3. An interim order was passed in both the revision petitions to the effect that the sales tax demand for the year 2001-02 shall be stayed subject to the Petitioner depositing Rs.50,000/- and Rs.30,000/- respectively before 15th November, 2009.
4. The background facts are that the Petitioner is a registered dealer under the Orissa Sales Tax, 1947 (OST Act) and the Central Sales Tax Act, 1956 (CST Act) and is engaged in the manufacture and sale of mechanical equipments having its place of business at Rourkela. During the assessment years (AYs) 2000- 01 and 2001-02, the Petitioner sold 'idler' manufactured by M/s. Heavy Engineering Corporation Ltd. (HEC), a Government of India entity, against a declaration Form-XXXIV and claimed deduction under Section 5(2)(A)(a)(ii) of the OST Act. While passing the assessment orders dated 31st May 2004 and 31st March
2004 respectively, the Sales Tax Officer (STO) accepted that the above sale had taken place against Form-XXXIV and that in support of such sales to HEC, the Assessee had furnished a declaration. However, according to the STO, the machinery and its spares were subject to tax of the first point of sale w.e.f. 1st January 1990 and therefore, Form-XXXIV was not maintainable. The claim for deduction was therefore disallowed by the STO and the said amount of Rs.19,61,116.15/- and Rs.10,65,244/- respectively was added to the taxable turnover for levy of sales tax at 16%.
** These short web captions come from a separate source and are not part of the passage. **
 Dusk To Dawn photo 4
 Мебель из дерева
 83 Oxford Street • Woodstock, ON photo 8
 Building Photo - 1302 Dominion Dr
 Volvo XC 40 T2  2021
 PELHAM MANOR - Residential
5. Further, in the course of separate assessment in both the matters, while examining the work order issued to the Petitioner by M/s. Otto India (P) Ltd., M/s. Small Tools & Allied Manufacturing Co., SAIL RSP and HEC respectively, the STO noted that the Petitioner had undertaken a job of repairing and machining, which involved consumables like welding rod, gas and paints. The STO concluded that there was a transfer of property in the goods in the form of electrodes and paints from the dealers account. 70% of the gross receipt was allowed towards labour and services and the balance was treated as material component. This led to an extra tax demand of Rs.2,95,720/- and Rs.1,96,552/- respectively.
6. The ACST has in the orders dated 1st February 2005 concurred with the STO as regards the disallowance of the claim for deduction on the strength of Form-XXXIV vis-à-vis the equipments sold by the Petitioner to HEC. As regards the labour
contract, the ACST allowed 85% towards labour and service charges and the balance 15% as materials involved in the job works. The tax demand on this account was reduced to Rs.2,75,935/- and Rs.1,91,290/- respectively.
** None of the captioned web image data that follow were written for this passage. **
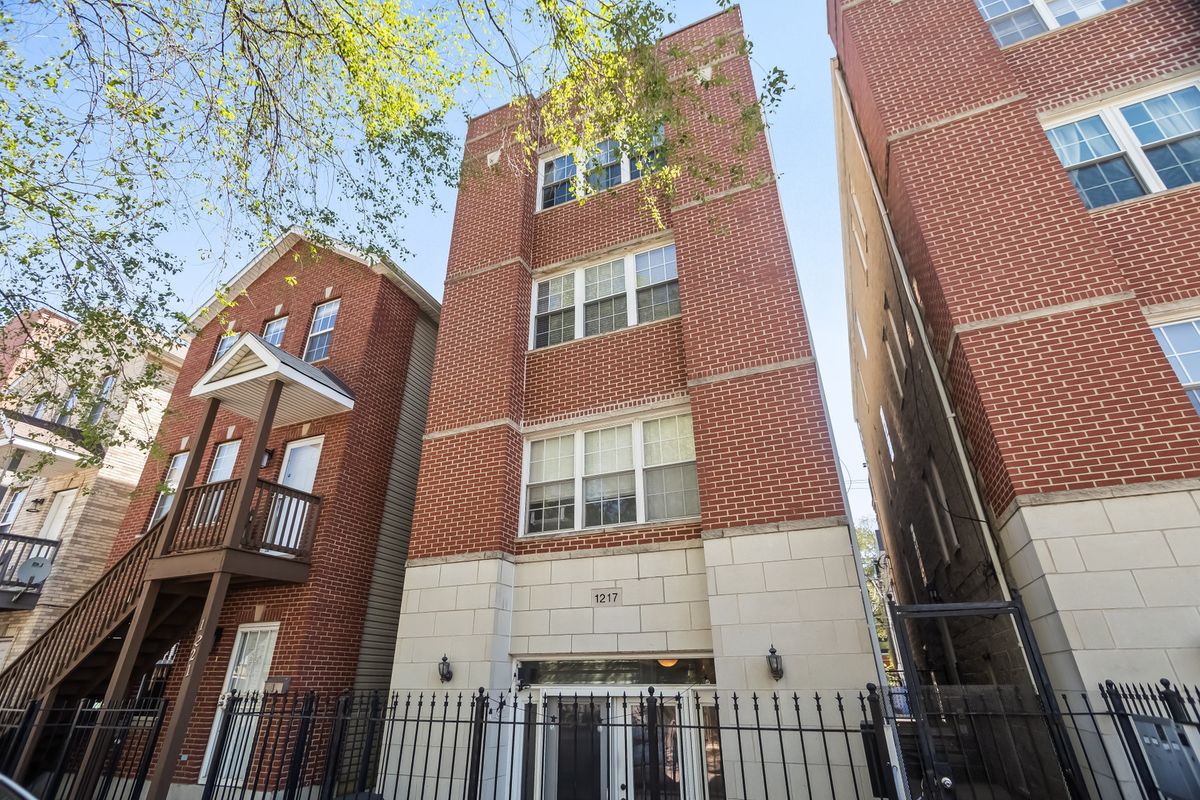1217 HONORE Street, Chicago, IL 60622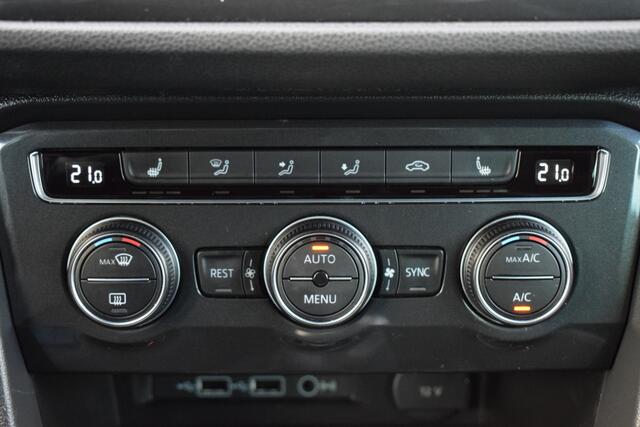 Volkswagen TIGUAN 1.4 TSi Comfortline Business ECC | Carplay | Full Map Navi | Trekhaak | Dealer Onderhouden!!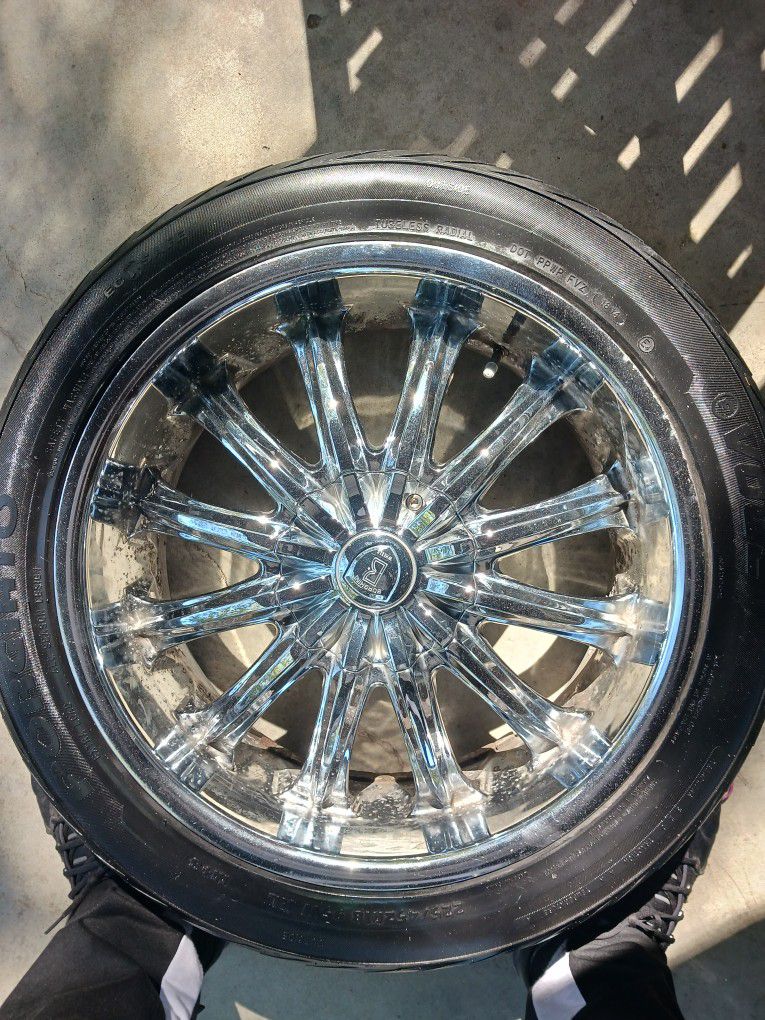 18'Rims And Tires Like New Very Good Condition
7. In the further appeal by the Assessee, the Tribunal has by the impugned orders dated 10th March 2008 concurred with the STO and ACST that the idler sold to HEC was subject to tax at first point of sale and the Assessee being the first seller was bound to collect tax on the sale of such goods. The order of the ACST as regards the works contract was also affirmed by the Tribunal.
8. This Court has heard the submissions of Mr. Jagabandhu Sahoo, learned Senior Advocate appearing for the Petitioner and Mr. Sunil Mishra, learned Additional Standing Counsel for the Department.
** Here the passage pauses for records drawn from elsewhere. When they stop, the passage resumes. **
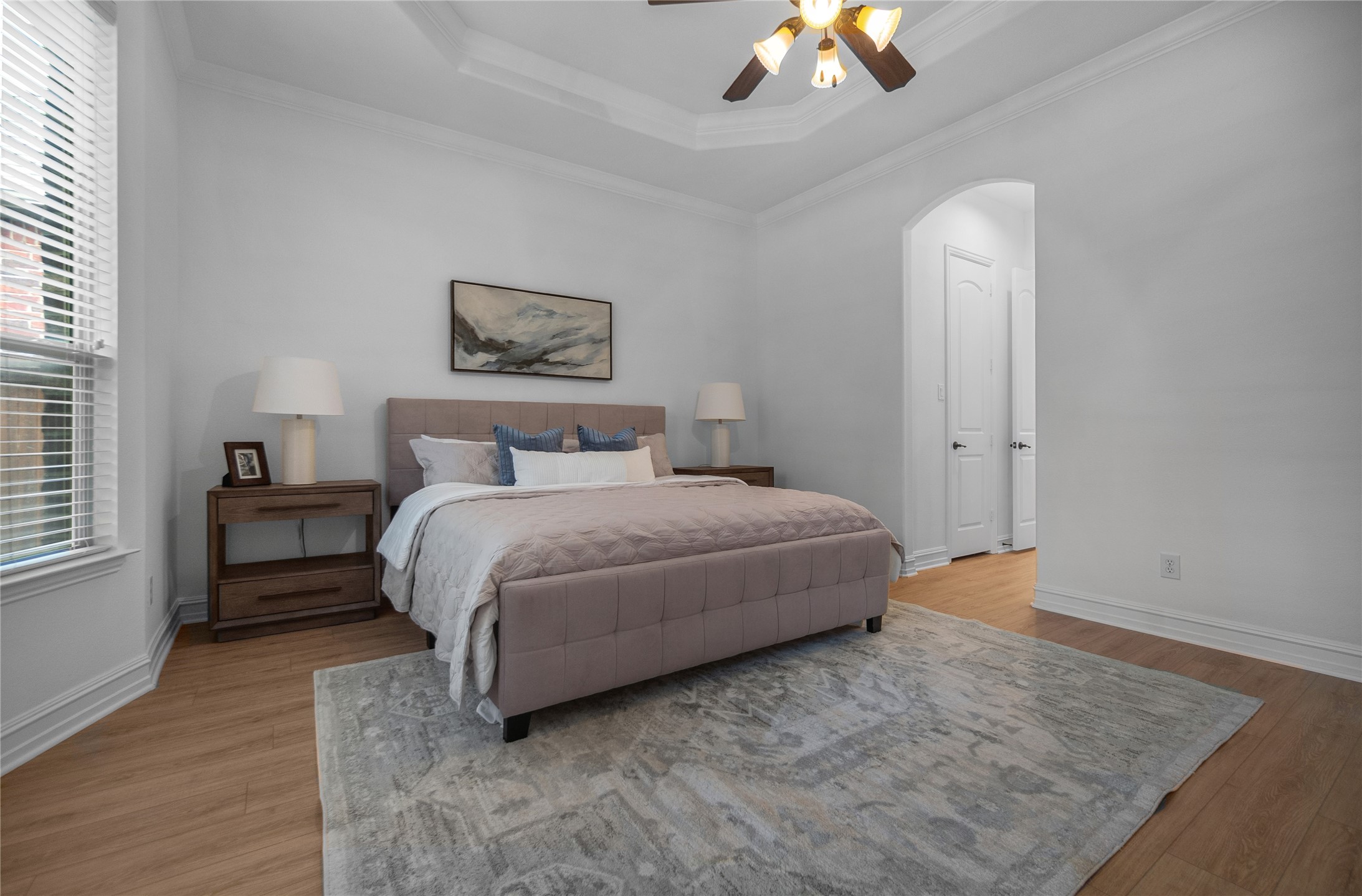 2538 Broadway Drive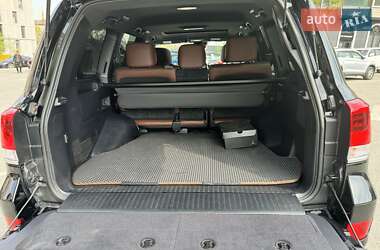 Внедорожник / Кроссовер Toyota Land Cruiser 2017 в 
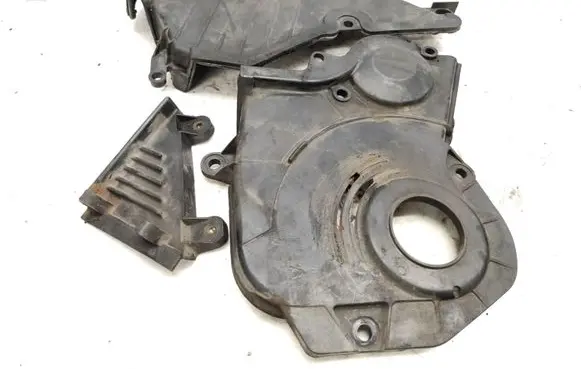 Toyota Avensis T250 Timing belt guard (cover) 9095001357A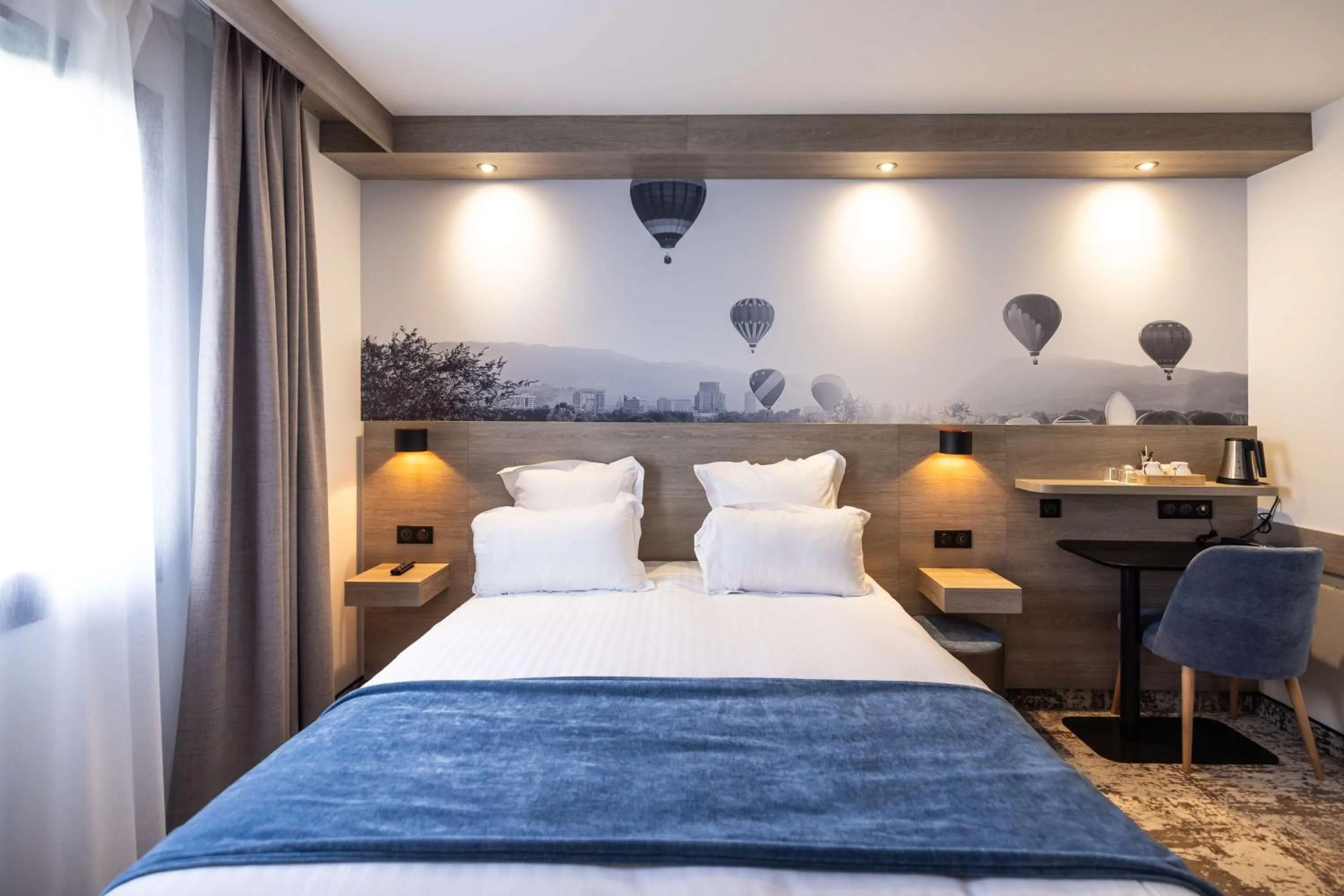 Bedroom, Bed in Best Western Saint Exupéry Eysines - Bordeaux Ouest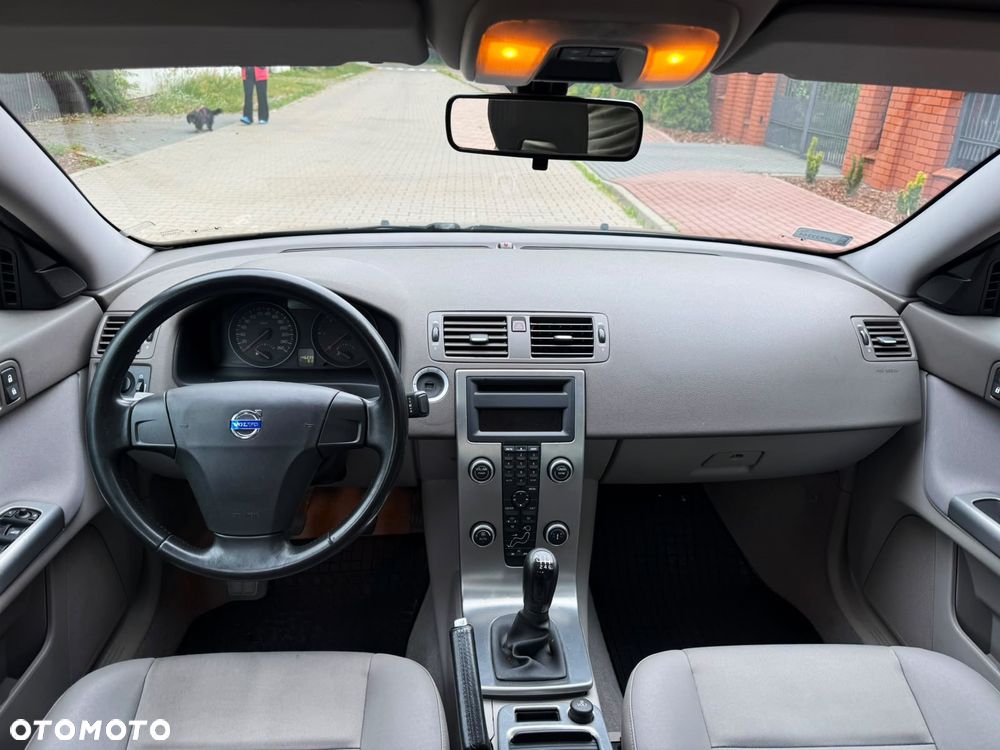 Volvo S40 2.0D Momentum - 5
9. As regards the conclusion of the Tribunal that the idler is a component part of the machinery, reference is made by Mr. Sahoo to serial No.6 of the Finance Department Notification dated 22nd December 1989 which mentions "machineries including sewing machines and component parts and accessories thereof". Referring to Collin's Dictionary, Mr. Sahoo submitted that an 'idler' is nothing but "a pulley riding loosely on a shaft pressing against a belt to guide it or take up the slack: also idler pulley". He also referred to entry in serial No.114 of the notification dated 31st March 2001 (SRO No.149/2001) to urge that 'equipment' does not specifically find mention in the notifications under Section 8
of the OST Act for exigibility of tax at the first point of sale. Relying on the decision of the Allahabad High Court in Commissioner of Sales Tax, U.P. v. Om Iron Foundry [1974] 33 STC 82 (All), it is contended that pulleys are not parts of machinery and they fall under unclassified goods and that ordinary pulleys connecting shafts with electrical motors or oil engines for transmission of power are not liable to be taxed as machinery parts at the rate of 6%.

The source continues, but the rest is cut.